It doesn’t mean life isn’t good.  It doesn’t mean I don’t have a lot to be grateful for.  I do and I know it.  It means my experience of my life is tempered with constant pain either at the forefront or lurking around the edges of my consciousness.

I have tools I use when it gets real bad.  Writing.  Coloring.  Watching baseball.  Petting my dog.  Looking at the sky, trees, or clouds.  Focusing on that which makes me exceptionally lucky with a good life.  A woman I love and get to be with for the last 30 years and beyond.  A daughter I love.  A job I feel passionate about.  A sweet dog and quirky cat.  A view of the lake every day, all day.

The only thing I don’t have is freedom from Sir Pain.  Ronnie and I exchange reports on our pains of one form or another as well as our fears.  Fortunately, we spend as much time or more on our gratitude and the privilege of being together for as long as we have left.

We’ve been losing people since we were in our thirties.  We know very well how this goes.  It helps me alter my focus from pain to enjoyment of what I have in life.  Yet, I still feel the hurting.

I’ve learned from taking pictures of the lake, sky, and mountain that the best pictures are not when the sky is a cloudless blue.  I enjoy those infrequent cloudless days in the Pacific Northwest.  But, the best pictures are when there is a complexity of light and dark, shapes and movement.  That makes the richest pictures that make me go, “Wow.”  Similar to rainbows never appearing without rain drops.

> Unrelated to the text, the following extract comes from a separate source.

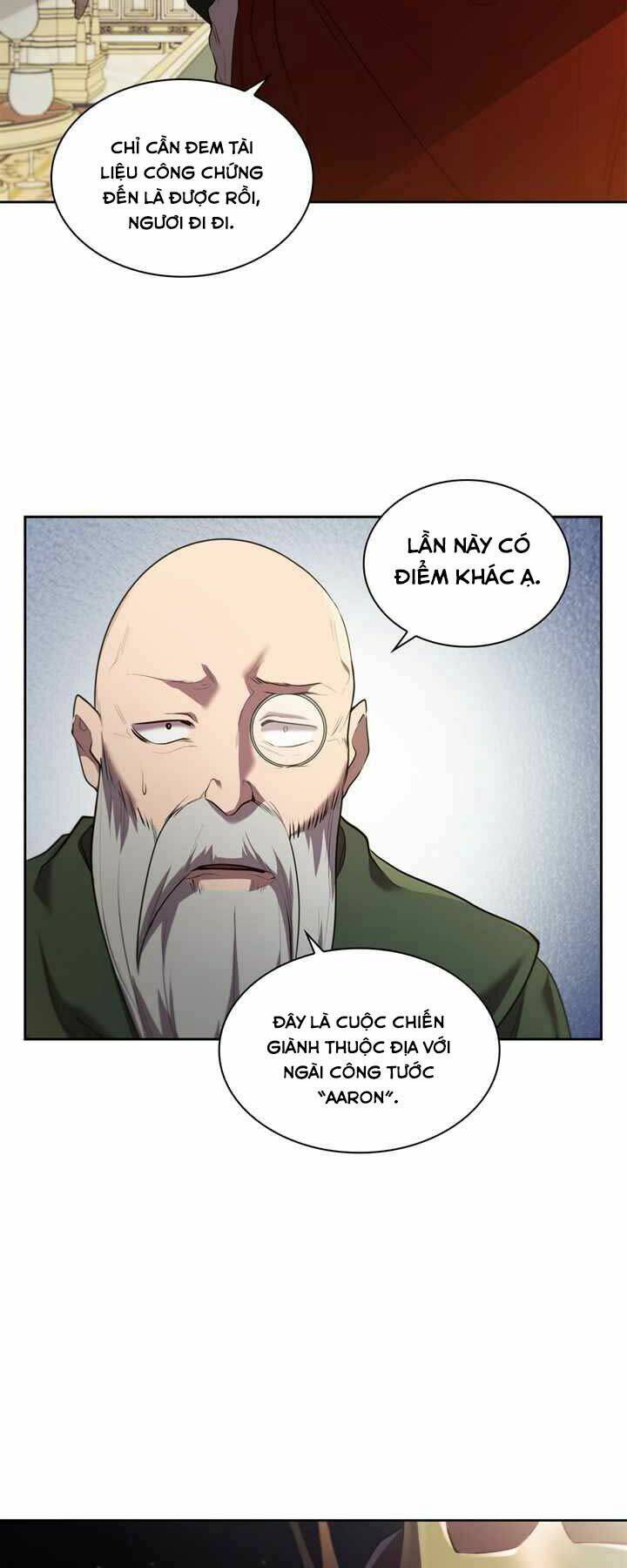 Hồi Quy Thành Công Tước Chap 15 - Next Chap 16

It’s clear that the same is true of life.  Sure, those cloudless days are fun to have.  Though, the richness comes with complexity, good and bad.  Sir Pain adds that for me.  It’s an overdone strength.  I don’t need all that complexity.  But, seen from afar with perspective the picture is rich.  I’m grateful despite this guest over staying it’s welcome.  “Take a break, Sir Pain.  Don’t you have somewhere else to go?  Just don’t go to someone else I know.  You’re just not that fun to have around.”

L’Chaim.

Joceile

8.24.19

[Picture of Pattison Lake sunrise with mist by railroad trestle and clouds, February 2019.]